§ **Data section**:
● ● ● ● ● ● ●
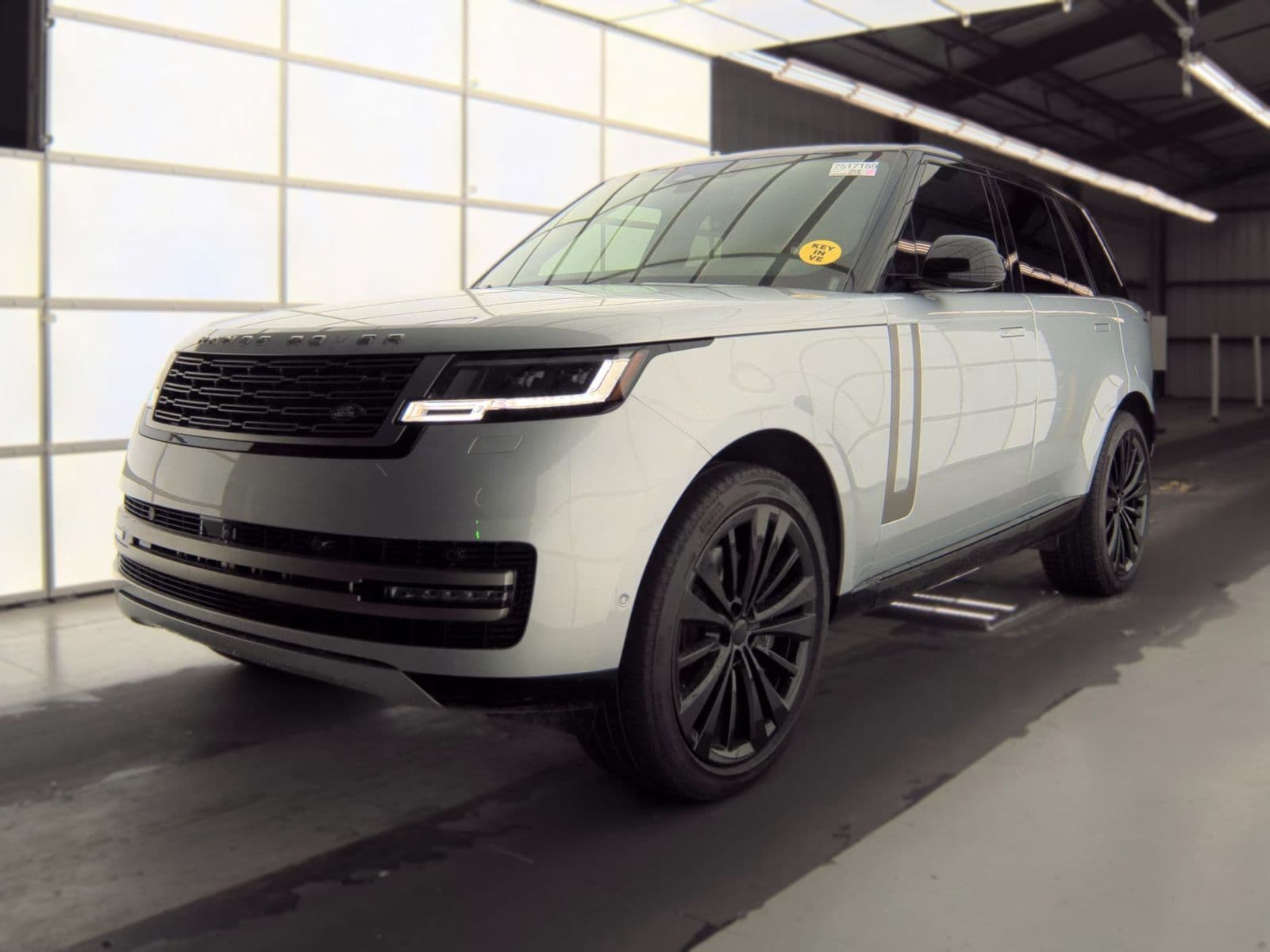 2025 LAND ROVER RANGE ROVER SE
● ● ● ● ● ● ●
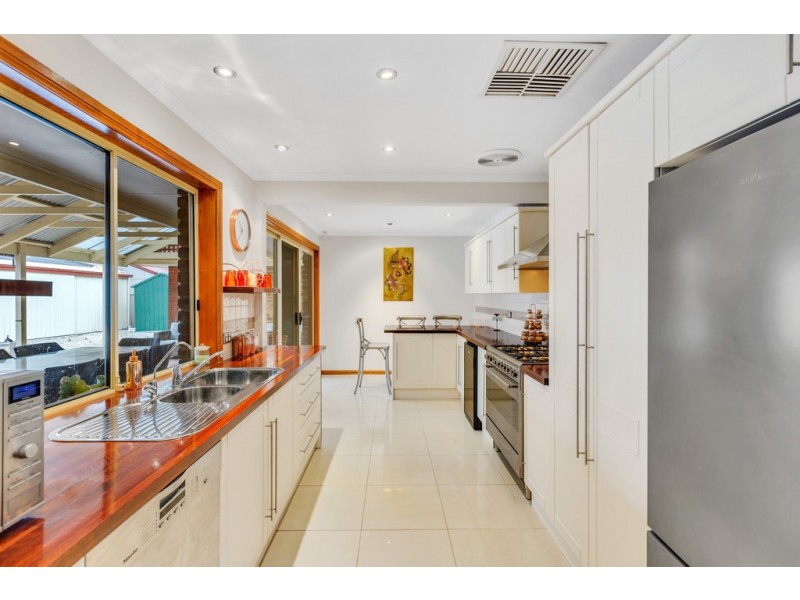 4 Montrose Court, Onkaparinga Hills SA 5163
● ● ● ● ● ● ●
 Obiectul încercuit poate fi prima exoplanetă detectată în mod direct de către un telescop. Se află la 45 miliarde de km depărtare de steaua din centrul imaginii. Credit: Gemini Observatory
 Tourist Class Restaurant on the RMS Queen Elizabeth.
● ● ● ● ● ● ●
In the listing above, find the line holding "Obiectul încercuit poate" and the line holding "Tourist Class Restaurant", then output those two lines and every line between them exactly.

 Obiectul încercuit poate fi prima exoplanetă detectată în mod direct de către un telescop. Se află la 45 miliarde de km depărtare de steaua din centrul imaginii. Credit: Gemini Observatory
 Tourist Class Restaurant on the RMS Queen Elizabeth.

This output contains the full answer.